* [Task data]
________________________

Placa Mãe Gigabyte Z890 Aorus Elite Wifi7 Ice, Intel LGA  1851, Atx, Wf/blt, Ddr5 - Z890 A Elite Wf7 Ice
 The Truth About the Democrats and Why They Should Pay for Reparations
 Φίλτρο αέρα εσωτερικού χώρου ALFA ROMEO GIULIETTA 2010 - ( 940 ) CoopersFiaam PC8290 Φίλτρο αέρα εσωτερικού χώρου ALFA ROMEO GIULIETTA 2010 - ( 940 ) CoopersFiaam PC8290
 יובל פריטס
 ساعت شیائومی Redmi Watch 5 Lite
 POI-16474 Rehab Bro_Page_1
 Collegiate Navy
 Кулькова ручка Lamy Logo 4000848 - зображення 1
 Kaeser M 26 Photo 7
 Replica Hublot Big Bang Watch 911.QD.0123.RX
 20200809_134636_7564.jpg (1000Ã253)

________________________

* [Work task] Please write out, exactly as they appear, the line that contains "Replica Hublot Big Bang Watch 911.QD.0123.RX" and every line after it up to the end of the entries above, and no others.

* [The completed task]
 Replica Hublot Big Bang Watch 911.QD.0123.RX
 20200809_134636_7564.jpg (1000Ã253)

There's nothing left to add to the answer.